Но Эрида уже не слушает Эмпусу. Эрида плавно, на цыпочках отплывает к Мегаре: нужно же сообщить, что про нее тут говорили! Сеять раздор не приедается.

А мормолики взяли в кольцо Гекату и пытаются выжать из Трехтелой какую-никакую мудрость:

– Я думаю, это непременно будут родители. Мать или отец ведь не откажутся умереть за сына? Или вот слуги еще…

Трехтелая окатывает молоденьких спутниц полной таинственности улыбкой, и тонкая ткань на лицах колышется, скрывая насмешливые взгляды.

– В бою? Посреди бедствия? Да. Но сойти в наш мир добровольно, пусть даже и за сына… О, они оплачут его. Конечно, они будут горько плакать. Но ведь у них же не единственный сын. И обеспеченная сытая старость. А слухи про ласку нашего Владыки распространились по поверхности так широко, что к нам почему-то никто не хочет по доброй воле…

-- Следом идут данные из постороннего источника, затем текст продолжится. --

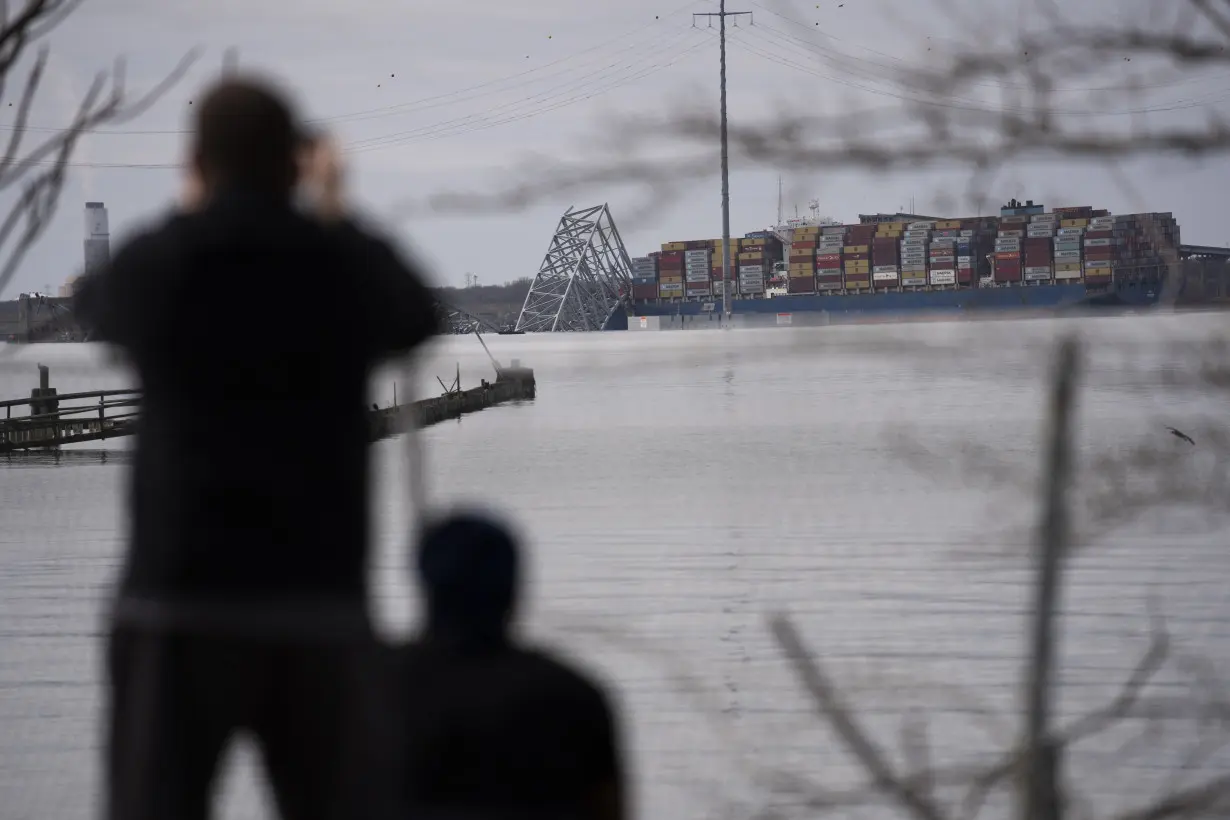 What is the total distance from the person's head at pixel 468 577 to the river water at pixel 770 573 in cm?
5

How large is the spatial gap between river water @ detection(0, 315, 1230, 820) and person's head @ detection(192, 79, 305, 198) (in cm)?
19

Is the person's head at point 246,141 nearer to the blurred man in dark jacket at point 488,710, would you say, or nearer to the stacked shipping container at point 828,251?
the blurred man in dark jacket at point 488,710

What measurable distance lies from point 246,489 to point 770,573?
1160 centimetres

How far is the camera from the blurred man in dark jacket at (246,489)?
1.10 m

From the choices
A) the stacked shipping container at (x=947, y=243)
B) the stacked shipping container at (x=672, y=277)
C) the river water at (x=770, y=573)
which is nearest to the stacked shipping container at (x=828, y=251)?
the stacked shipping container at (x=947, y=243)

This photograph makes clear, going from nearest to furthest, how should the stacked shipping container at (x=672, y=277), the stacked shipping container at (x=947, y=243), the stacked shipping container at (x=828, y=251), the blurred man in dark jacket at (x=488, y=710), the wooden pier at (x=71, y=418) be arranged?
the blurred man in dark jacket at (x=488, y=710), the stacked shipping container at (x=947, y=243), the stacked shipping container at (x=828, y=251), the wooden pier at (x=71, y=418), the stacked shipping container at (x=672, y=277)

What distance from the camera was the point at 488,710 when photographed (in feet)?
3.52

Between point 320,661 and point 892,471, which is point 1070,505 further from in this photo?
point 892,471

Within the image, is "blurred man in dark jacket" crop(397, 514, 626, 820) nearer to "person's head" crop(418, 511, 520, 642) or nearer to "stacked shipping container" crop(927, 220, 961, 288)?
"person's head" crop(418, 511, 520, 642)

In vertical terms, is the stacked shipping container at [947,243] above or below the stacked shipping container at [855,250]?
below

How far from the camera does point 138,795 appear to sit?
3.65 ft

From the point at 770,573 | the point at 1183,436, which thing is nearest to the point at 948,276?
the point at 1183,436

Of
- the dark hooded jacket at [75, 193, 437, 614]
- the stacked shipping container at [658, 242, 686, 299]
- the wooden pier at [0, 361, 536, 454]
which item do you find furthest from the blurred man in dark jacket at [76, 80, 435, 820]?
the stacked shipping container at [658, 242, 686, 299]

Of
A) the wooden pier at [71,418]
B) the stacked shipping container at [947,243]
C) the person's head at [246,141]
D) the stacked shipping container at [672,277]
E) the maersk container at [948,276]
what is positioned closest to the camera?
the person's head at [246,141] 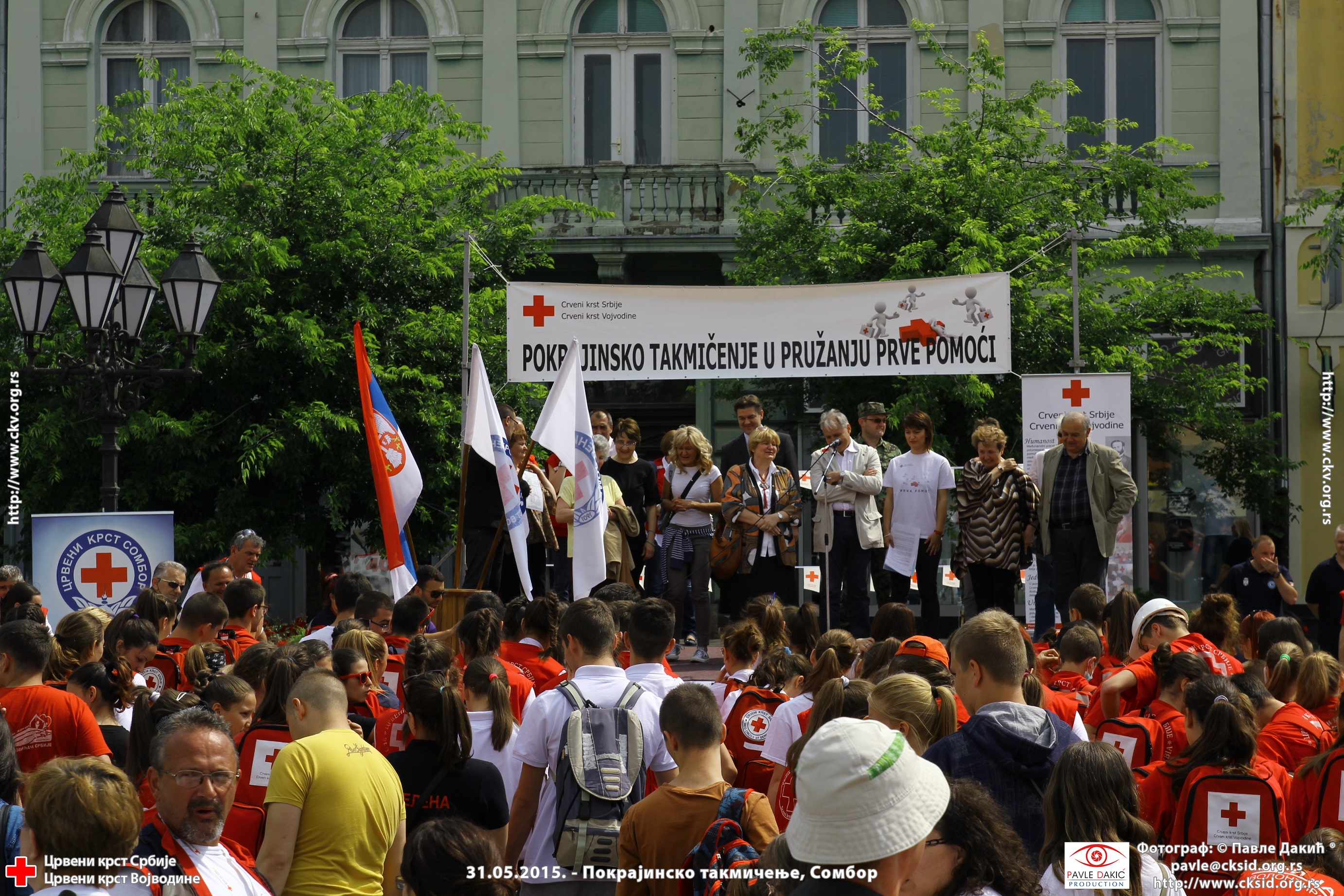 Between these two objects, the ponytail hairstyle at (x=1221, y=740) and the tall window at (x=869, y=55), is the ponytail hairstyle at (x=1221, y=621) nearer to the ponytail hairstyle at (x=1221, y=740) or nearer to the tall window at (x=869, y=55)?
the ponytail hairstyle at (x=1221, y=740)

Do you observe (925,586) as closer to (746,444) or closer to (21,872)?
(746,444)

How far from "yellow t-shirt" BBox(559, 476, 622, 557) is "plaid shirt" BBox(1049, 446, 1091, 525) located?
3.56 metres

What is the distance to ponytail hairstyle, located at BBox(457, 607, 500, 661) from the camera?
665 cm

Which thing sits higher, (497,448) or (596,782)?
(497,448)

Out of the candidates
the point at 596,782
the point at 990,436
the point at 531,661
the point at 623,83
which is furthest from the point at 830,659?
the point at 623,83

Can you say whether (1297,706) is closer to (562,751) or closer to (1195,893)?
(1195,893)

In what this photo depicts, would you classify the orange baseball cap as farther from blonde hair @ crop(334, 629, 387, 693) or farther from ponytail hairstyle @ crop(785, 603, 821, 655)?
blonde hair @ crop(334, 629, 387, 693)

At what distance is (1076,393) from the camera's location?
13.1 m

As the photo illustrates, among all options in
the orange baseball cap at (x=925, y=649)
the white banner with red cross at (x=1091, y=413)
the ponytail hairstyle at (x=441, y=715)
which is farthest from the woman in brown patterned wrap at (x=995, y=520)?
the ponytail hairstyle at (x=441, y=715)

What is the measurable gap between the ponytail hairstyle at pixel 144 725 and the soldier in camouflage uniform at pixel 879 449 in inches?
285

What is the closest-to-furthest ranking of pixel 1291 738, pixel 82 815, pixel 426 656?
pixel 82 815
pixel 1291 738
pixel 426 656

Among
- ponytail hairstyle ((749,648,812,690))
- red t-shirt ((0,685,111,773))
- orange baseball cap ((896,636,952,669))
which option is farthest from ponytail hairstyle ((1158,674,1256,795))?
red t-shirt ((0,685,111,773))

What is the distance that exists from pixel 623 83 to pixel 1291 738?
18.4 meters

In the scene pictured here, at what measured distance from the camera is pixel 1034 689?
5168mm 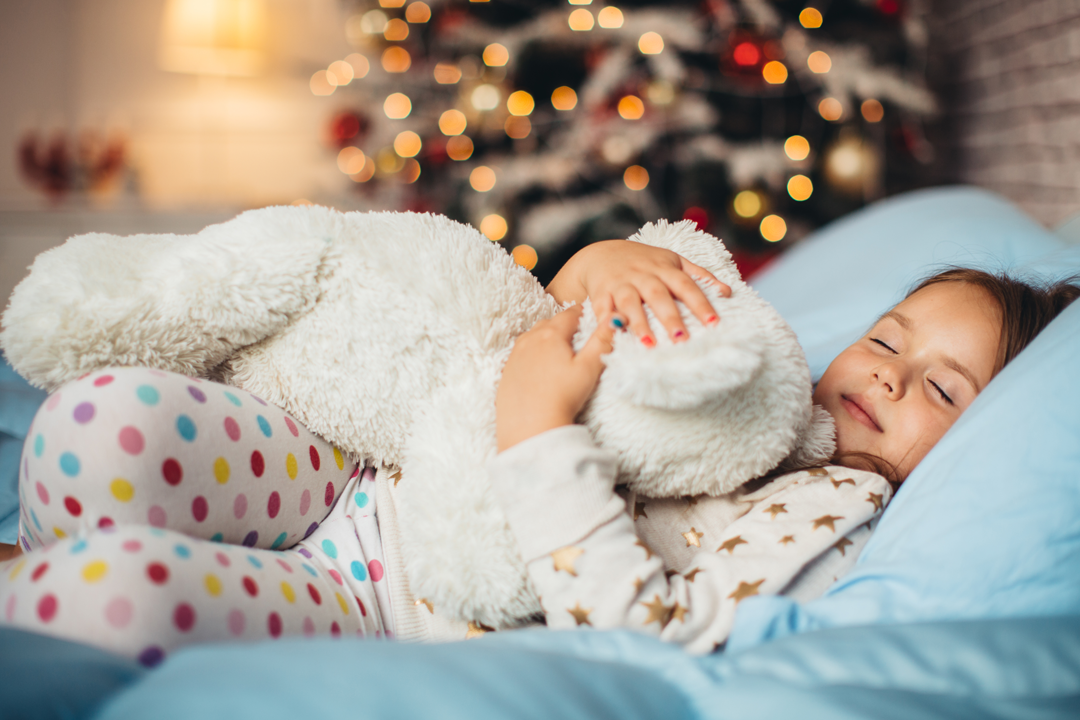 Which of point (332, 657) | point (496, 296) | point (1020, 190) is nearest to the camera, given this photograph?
point (332, 657)

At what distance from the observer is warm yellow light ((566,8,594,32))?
2234 millimetres

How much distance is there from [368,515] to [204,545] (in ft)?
0.66

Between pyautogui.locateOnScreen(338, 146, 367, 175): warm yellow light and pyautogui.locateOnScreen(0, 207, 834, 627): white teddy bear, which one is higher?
pyautogui.locateOnScreen(338, 146, 367, 175): warm yellow light

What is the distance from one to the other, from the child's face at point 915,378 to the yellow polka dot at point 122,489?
0.72 m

Шепотки перелетают из ушей в уши, порхают с губ на губы, и угомонить их может только появление в свете факелов Гермеса с той самой тенью, которую так ждали.

Гермес рад появиться: с озадаченным и чуть смущенным видом, который обозначает, что и он продул кому-то из подземных крупный спор с этой историей.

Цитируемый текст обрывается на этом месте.